April 19, 2005

Ex-Hardwick man covers vote

Telegram & Gazette


From a window at the MSNBC television studio in Rome, Paul Wilkes watched yesterday as the first day of the first papal conclave of the new millennium ended with black smoke wafting from the Sistine Chapel’s chimney about 8 p.m. Rome time.

The signal meant the cardinals had failed to reach the required two-thirds majority in their first vote for a leader to replace Pope John Paul II.

Mr. Wilkes, a Catholic author, journalist and former Hardwick selectman who is covering the proceedings for the Beliefnet.com Web site, said he’d be surprised if a new pope is voted in before tomorrow.

“We’re going to have a pope by Wednesday or Thursday,” Mr. Wilkes, who now lives in South Carolina, said by telephone from Rome.

While speculation about the next pope has centered around conservatives such as Cardinal Joseph Ratzinger of Germany, Mr. Wilkes thinks the cardinals will pick more of a moderate to succeed John Paul, who died April 2 after 26 years as pope.

With church attendance dropping off steeply in Europe and Catholicism catching on rapidly in Latin America and Asia, the church needs a pope who can unify the world’s 1.1 billion Catholics. “The cardinals are trying to figure out who’s got the reach, who can bring the fragmented parts together,” Mr. Wilkes said.

In recent days, all manner of Catholic faithful have flocked to Rome and Vatican City to witness the succession.

The visitors have included a vocal contingent of American anti-clergy abuse activists who have come to spread word of the American clergy abuse crisis to Catholics from parts of the world that have not been as affected by the scandal.
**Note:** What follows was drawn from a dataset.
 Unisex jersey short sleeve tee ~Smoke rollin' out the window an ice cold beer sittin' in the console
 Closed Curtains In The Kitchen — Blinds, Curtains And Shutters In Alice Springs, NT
They include Douglas native Philip J. Saviano, who says he was molested in the 1960s at St. Denis Parish in East Douglas by the Rev. David A. Holley, who is serving a 275-year prison sentence in New Mexico for child rape.
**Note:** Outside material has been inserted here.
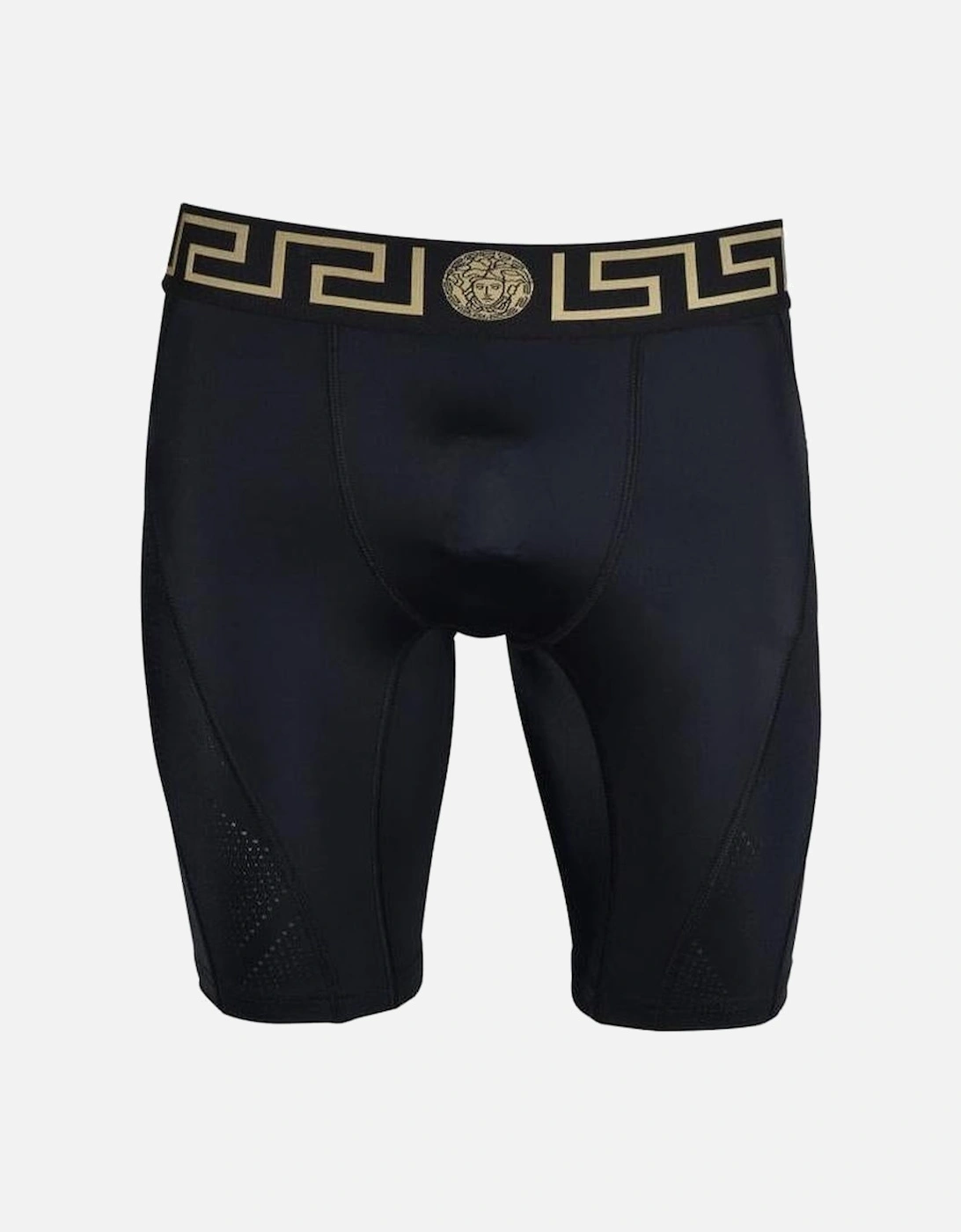 Versace Men's Iconic Greca Technical Gym Shorts, Black - Size: 38/39/32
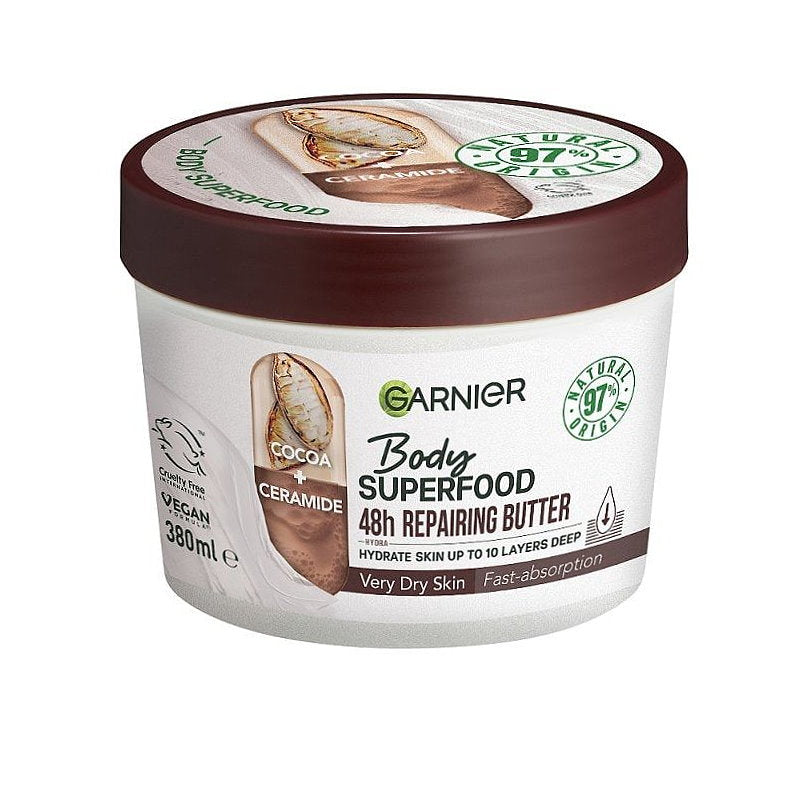 6x Garnier Body Superfood Cocoa & Ceramide Body Cream 380ml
Mr. Saviano and other leaders of the national group Survivors Network of those Abused by Priests have been holding daily press conferences and protesting the high-profile Vatican role of former Boston Archbishop Bernard F. Law, who has admitted that he did not discipline priests accused of abusing youths in Boston-area parishes.

Mr. Saviano, 52, who now lives in Boston, said in a telephone interview from Rome that he hopes the next pope will be more open about the problem of pedophile priests, and will also allow discussion of changes supported by some Catholics, such as opening the priesthood to women and allowing clergy to marry.
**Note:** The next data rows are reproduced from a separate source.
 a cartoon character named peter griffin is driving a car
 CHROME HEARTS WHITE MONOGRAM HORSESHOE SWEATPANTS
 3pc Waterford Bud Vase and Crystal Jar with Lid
“It would be nice if we had someone who could let a little bit of life in and listen to alternative views,” Mr. Saviano said. “But I’m not optimistic. Maybe it will have to wait until the next pope after that.”

Despite the ripple of news coverage that Mr. Saviano and his colleagues have been able to stir up, some observers say clergy abuse is not likely to be a major issue in the conclave.

That is because the problem has mostly been an American phenomenon, owing largely to the in-depth coverage devoted to it by newspapers such as the Boston Globe, Mr. Wilkes said.

“I don’t think it’s on the front burner,” said Mr. Wilkes, who wrote a 1993 article in the New Yorker magazine about the Rev. Ronald D. Provost, a former priest at a Barre church who was convicted of taking nude photographs of a 10-year-old boy.

Many of the Worcester Diocese’s 350,000 Catholics have been “waiting and praying” as the process to choose a new pope proceeds, said diocesan spokesman Raymond L. Delisle.

“There’s certainly anticipation. It’s been such a long time with Pope John Paul, a lot of us have never experienced this before or were very young when it happened,” he said. The top priority for John Paul II’s successor is going to be to promote “whatever supports the dignity of the individual.”